The National YC's Dun Laoghaire to Dingle Race of Wednesday, June 9th – just two days after such things became permissible on June 7th - may have been hailed here as "a spectacular pillar event to launch the 2021 Irish sailing season out of the pandemic penumbra". But the truth is that the season currently getting under way is more like a gentle tide flooding into a winding and shallow creek, rather than a sudden eruption of activity across a wide front.

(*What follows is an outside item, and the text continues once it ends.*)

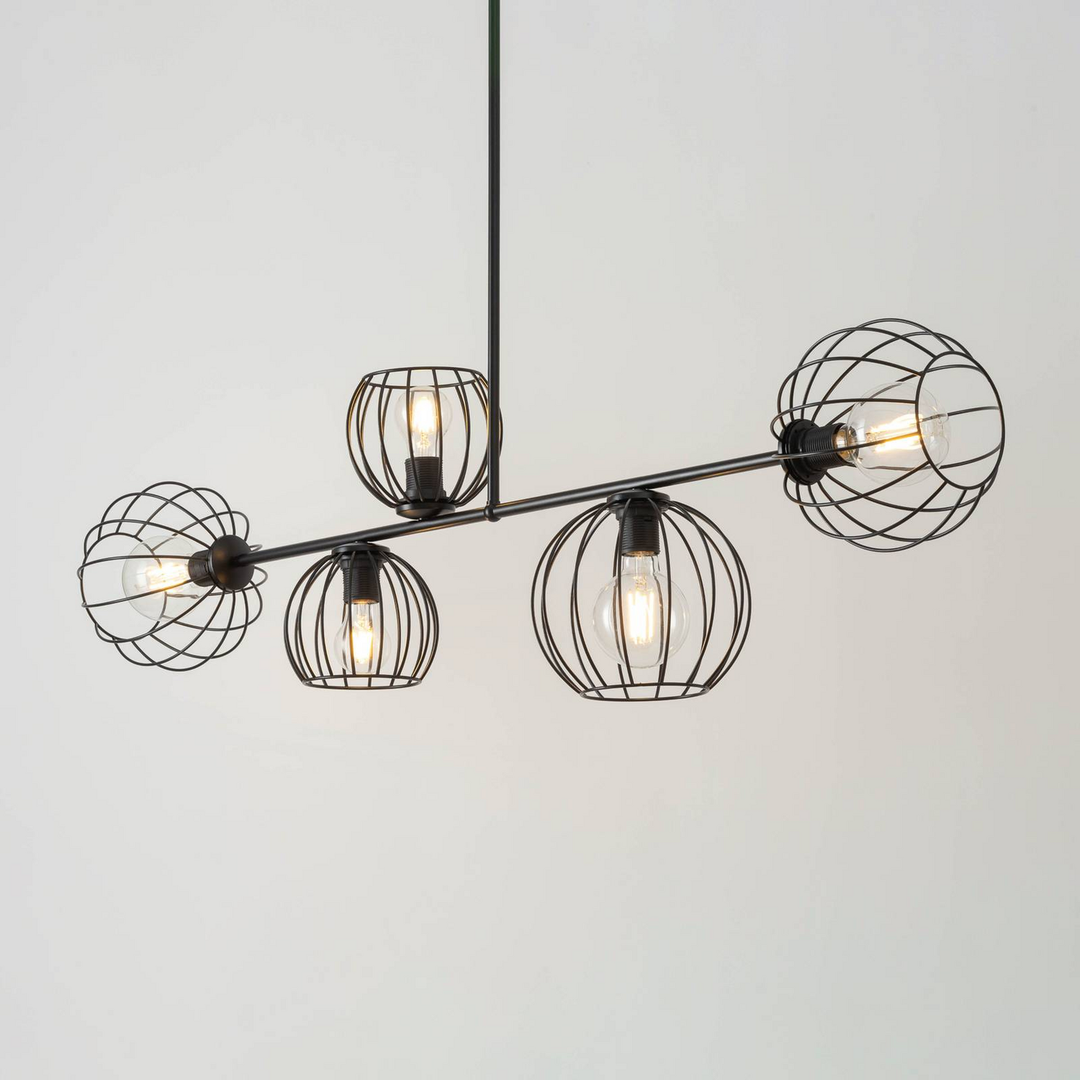Sigma Madam Deckenleuchte Deckenlampe Leuchte Lampe Deckenlicht Licht B-Ware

As with the new tide, if you watch closely and persistently for things happening, you'll see little change. But if your focus switches elsewhere for a while, then look back again and you'll find real signs of things starting to happen, of development taking place and sailing centres coming more vibrantly to life with events which are in themselves a testing of the waters.

This sense of testing of the waters reflects a commendable maturity in the sailing community. Our sport manifests itself in so many ways afloat and ashore that it is simply impossible to devise rules about distancing and so forth which comply precisely with each and every requirement. Thus as each event takes shape, a substantial input of common sense is required to ensure that it optimizes the sport while minimising any infection hazard.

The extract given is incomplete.